Penulis: WuBlockchain
Kompilasi: Shenchao TechFlow
Panduan Shenchao: Jaringan Layer 2 yang diluncurkan oleh Robinhood ini mengutamakan tokenisasi saham, namun setelah diluncurkan, 99% volume perdagangan berasal dari spekulasi memecoin, dan aplikasi RWA yang sebenarnya masih dalam tahap awal. Artikel ini menguraikan sepuluh pertanyaan inti tentang Robinhood Chain, termasuk arsitektur teknologi, sifat hukum token saham, batasan penggunaan, dan kondisi ekosistem aktual. Pada tanggal 1 Juli 2026, Robinhood secara resmi meluncurkan mainnet publik Robinhood Chain. Ini adalah Layer 2 Ethereum yang dirancang khusus untuk layanan keuangan dan aset dunia nyata (RWA). Jaringan ini dibangun berdasarkan teknologi Arbitrum, mendukung token saham, keuangan terdesentralisasi (DeFi), kontrak berjangka (perpetuals), serta aplikasi yang digerakkan oleh agen AI.
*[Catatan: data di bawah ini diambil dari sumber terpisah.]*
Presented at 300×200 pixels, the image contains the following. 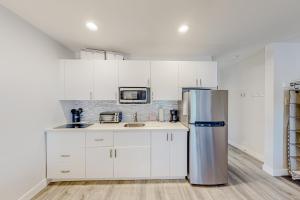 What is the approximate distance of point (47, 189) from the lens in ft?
8.76

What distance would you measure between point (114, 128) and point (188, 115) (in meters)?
1.25

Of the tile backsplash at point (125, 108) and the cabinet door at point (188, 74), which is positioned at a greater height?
the cabinet door at point (188, 74)

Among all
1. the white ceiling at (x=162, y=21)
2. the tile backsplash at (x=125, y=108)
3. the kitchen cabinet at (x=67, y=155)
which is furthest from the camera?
the tile backsplash at (x=125, y=108)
Aktivitas on-chain berkembang pesat setelah mainnet diluncurkan. Menurut laporan Bernstein yang dirilis pada 13 Juli, Robinhood Chain mencatat volume perdagangan exchange terdesentralisasi (DEX) sekitar $3,1 miliar dalam tujuh hari terakhir, dan sempat menduduki peringkat lima besar jaringan blockchain berdasarkan volume DEX. Jaringan ini memegang sekitar $300 juta stablecoin dan $13 juta token saham. Namun, perdagangan memecoin mendominasi sebagian besar aktivitas awal, sementara aplikasi RWA yang menjadi tujuan desain jaringan ini masih dalam tahap awal.
Sepuluh pertanyaan berikut menjelaskan posisi, teknologi, token saham, akses pengguna, dan ekosistem saat ini dari Robinhood Chain.
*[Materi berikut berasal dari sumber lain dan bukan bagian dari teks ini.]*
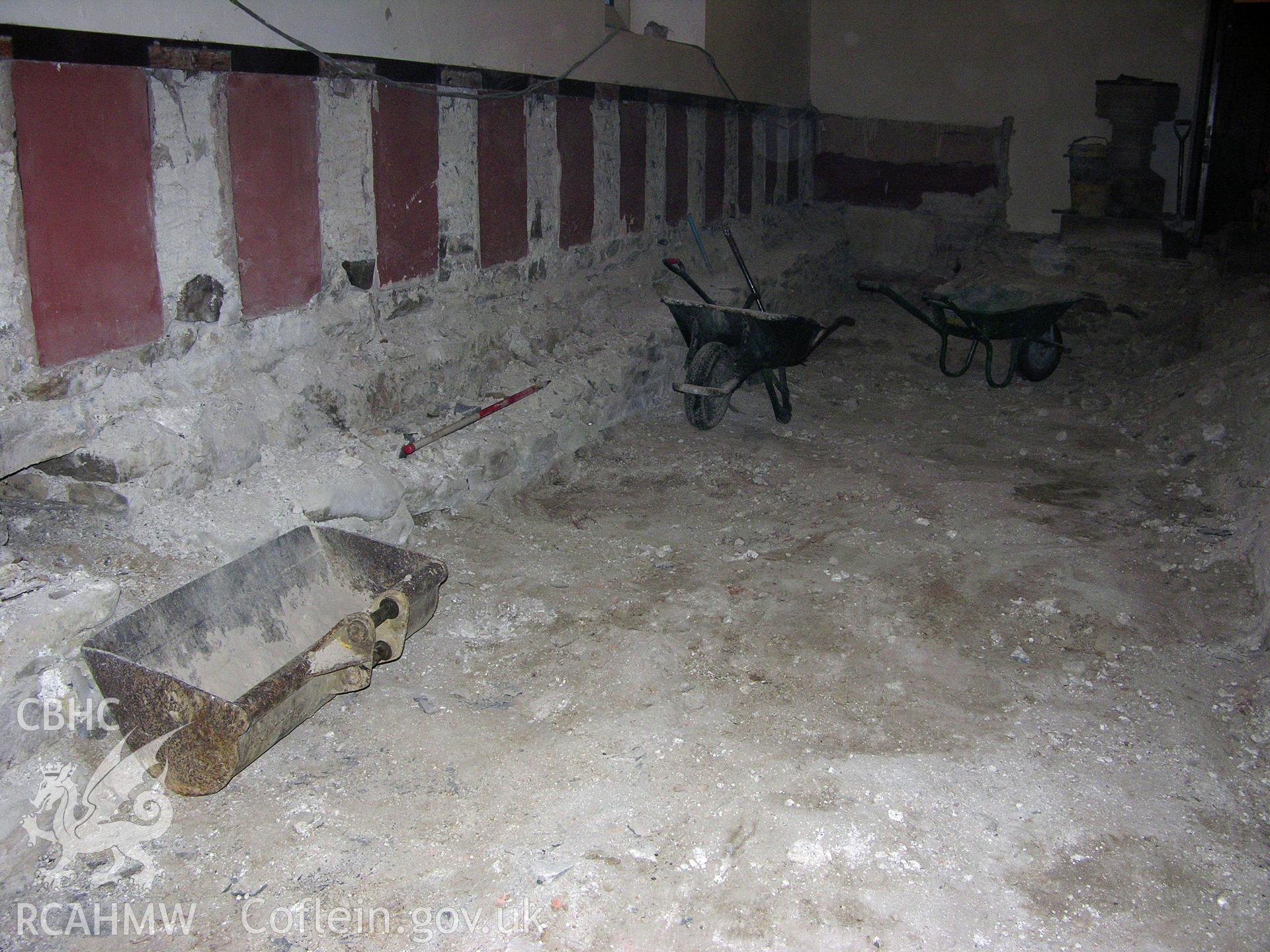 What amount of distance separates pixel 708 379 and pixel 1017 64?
546 cm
1. Apa sebenarnya Robinhood Chain itu?
Robinhood Chain adalah Layer 2 Ethereum yang diluncurkan oleh Robinhood. Ini dirancang terutama untuk tokenisasi aset dunia nyata, termasuk saham dan dana yang diperdagangkan di bursa (ETF), serta aplikasi keuangan on-chain, seperti perdagangan, pinjaman, dan manajemen aset.
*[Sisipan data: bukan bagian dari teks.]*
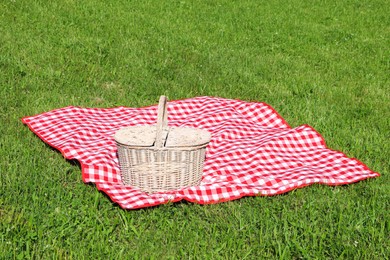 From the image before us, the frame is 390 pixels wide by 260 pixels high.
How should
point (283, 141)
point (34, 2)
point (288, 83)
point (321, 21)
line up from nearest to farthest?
1. point (283, 141)
2. point (288, 83)
3. point (34, 2)
4. point (321, 21)

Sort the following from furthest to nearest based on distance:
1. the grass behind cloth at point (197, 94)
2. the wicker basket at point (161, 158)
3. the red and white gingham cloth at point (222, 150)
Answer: the red and white gingham cloth at point (222, 150), the wicker basket at point (161, 158), the grass behind cloth at point (197, 94)

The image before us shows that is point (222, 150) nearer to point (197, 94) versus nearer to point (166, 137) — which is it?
point (166, 137)

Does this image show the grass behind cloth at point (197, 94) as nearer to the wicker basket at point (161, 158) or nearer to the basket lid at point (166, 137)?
the wicker basket at point (161, 158)

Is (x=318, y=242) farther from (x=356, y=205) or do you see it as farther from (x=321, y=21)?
(x=321, y=21)

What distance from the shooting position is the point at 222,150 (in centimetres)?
553

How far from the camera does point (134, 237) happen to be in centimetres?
371

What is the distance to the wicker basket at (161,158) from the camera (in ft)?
13.9

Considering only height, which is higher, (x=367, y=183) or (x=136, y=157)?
(x=136, y=157)

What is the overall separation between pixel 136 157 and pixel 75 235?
886 mm

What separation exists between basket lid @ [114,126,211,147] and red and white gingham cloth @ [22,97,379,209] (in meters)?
0.37

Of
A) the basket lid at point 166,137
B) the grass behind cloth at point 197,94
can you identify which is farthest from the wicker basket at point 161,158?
the grass behind cloth at point 197,94

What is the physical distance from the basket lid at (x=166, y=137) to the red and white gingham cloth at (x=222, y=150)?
1.23ft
Ini bukan blockchain Layer 1 yang independen. Sebaliknya, ia dibangun menggunakan teknologi Arbitrum Nitro. Transaksi dieksekusi di Robinhood Chain, data transaksi dipublikasikan ke Ethereum melalui blob. Penyelesaian akhir dilakukan di Ethereum. Jaringan ini menggunakan ETH sebagai gas, kompatibel dengan Ethereum Virtual Machine (EVM), memungkinkan kontrak Solidity dan Vyper yang ada serta alat pengembangan Ethereum standar digunakan di jaringan.
Robinhood menggambarkan jaringan ini sebagai 'tanpa izin'. Pengguna tidak perlu memiliki akun broker Robinhood untuk mengakses jaringan, mentransfer aset, menyebarkan kontrak pintar, dan membangun aplikasi.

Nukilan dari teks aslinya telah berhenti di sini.